### PROBLEM
Would you repeat the whole listing exactly, pictures excluded?

### RECORDS FOR THIS EXERCISE

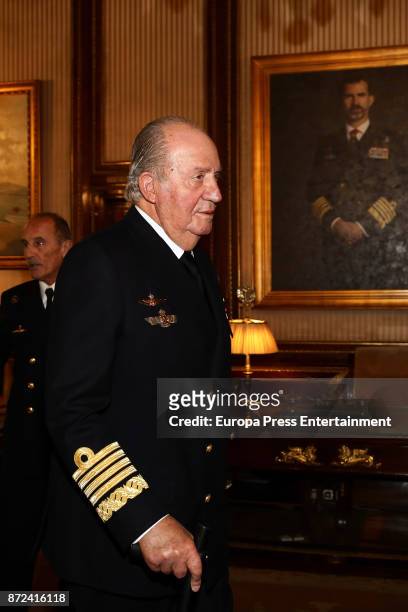 King Juan Carlos, close to a painting of his son King Felipe VI, attends Naval Museum board meeting on November 8, 2017 in Madrid, Spain.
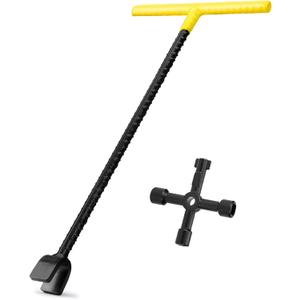 Water Meter Key 16 Inch with 4-Way Utility Key, T-handle Water Shut Off Tool for Main Meter Valves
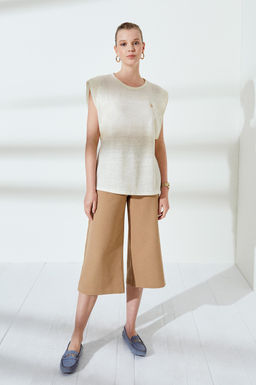 Женская кремовая футболка без рукавов с круглым вырезом Неожиданная скидка в корзине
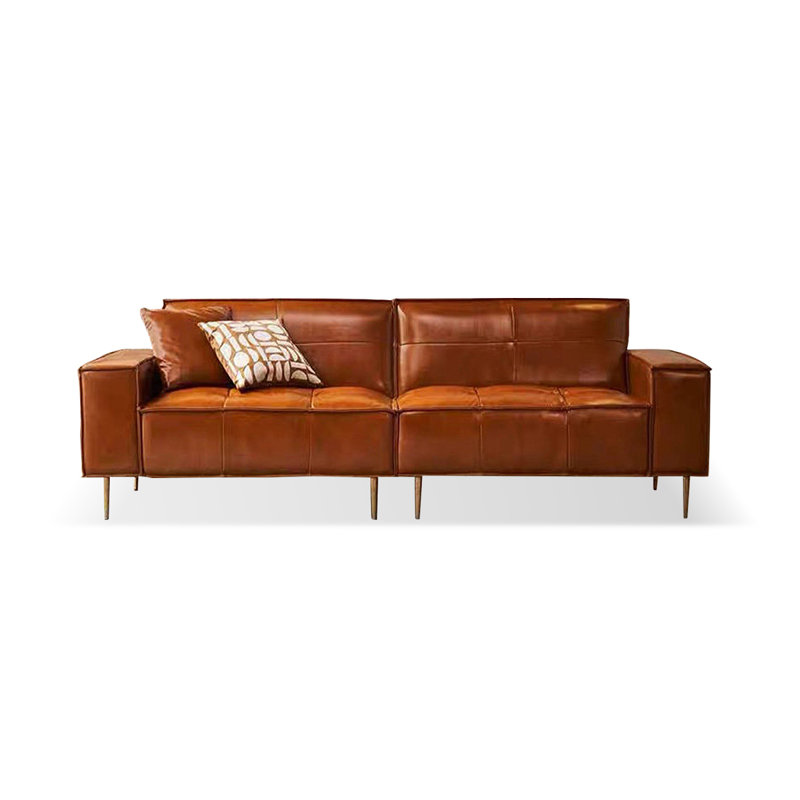 Causeuse-coussin modulaire en cuir véritable brun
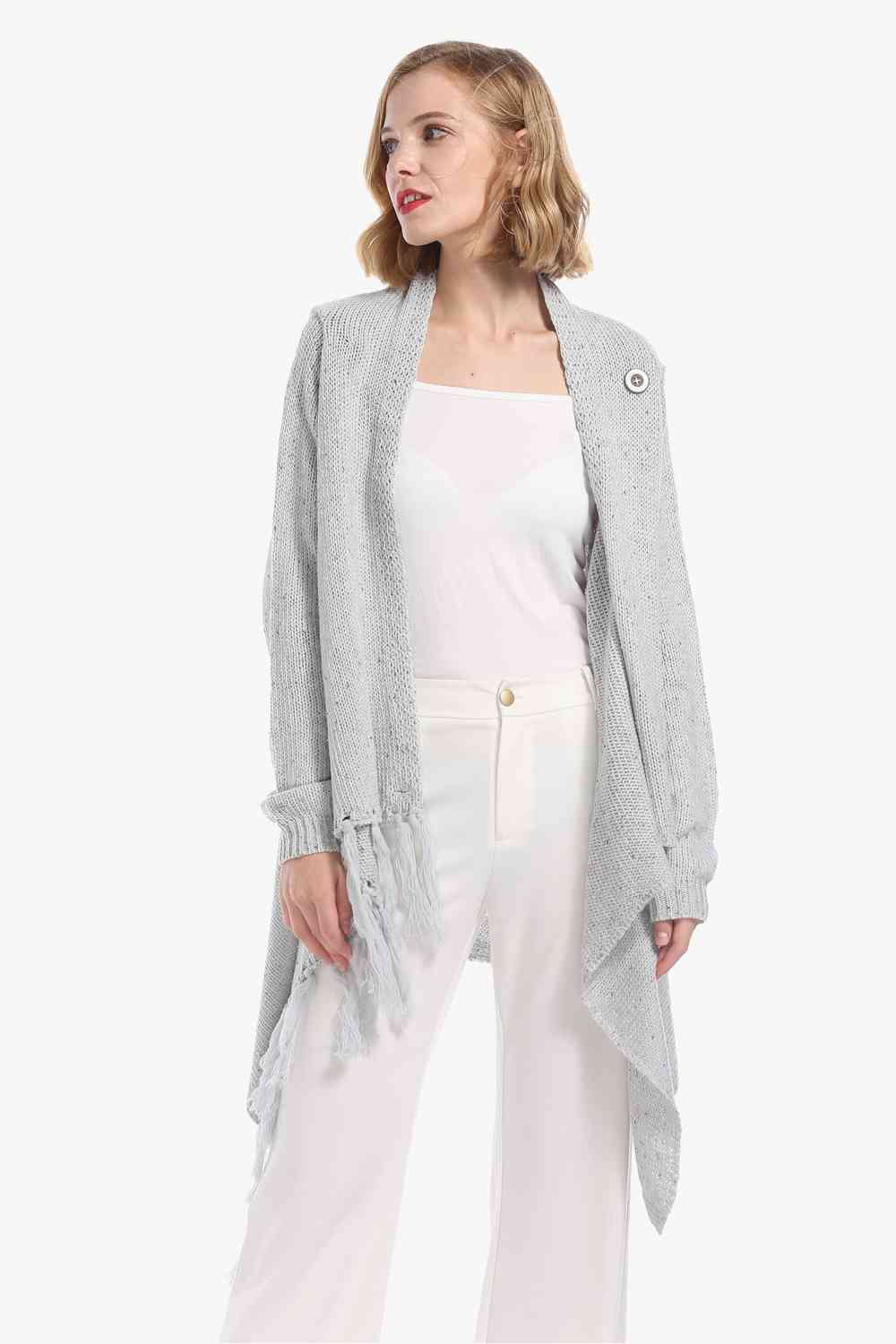One-Button Tassel Tie Asymmetrical Hem Cardigan - Ladyez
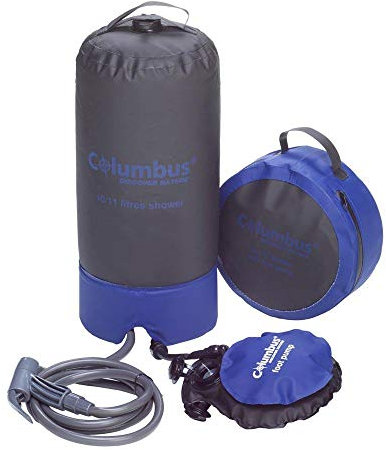 COLUMBUS Ducha Camp Shower | Ducha Portátil de Camping con Bomba de Pie y Agua a Presión. Resistente, Ligera y Compacta con Capacidad para 11 litros - Color Negro y Azul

### FINAL ANSWER
 King Juan Carlos, close to a painting of his son King Felipe VI, attends Naval Museum board meeting on November 8, 2017 in Madrid, Spain.
 Water Meter Key 16 Inch with 4-Way Utility Key, T-handle Water Shut Off Tool for Main Meter Valves
 Женская кремовая футболка без рукавов с круглым вырезом Неожиданная скидка в корзине
 Causeuse-coussin modulaire en cuir véritable brun
One-Button Tassel Tie Asymmetrical Hem Cardigan - Ladyez
 COLUMBUS Ducha Camp Shower | Ducha Portátil de Camping con Bomba de Pie y Agua a Presión. Resistente, Ligera y Compacta con Capacidad para 11 litros - Color Negro y Azul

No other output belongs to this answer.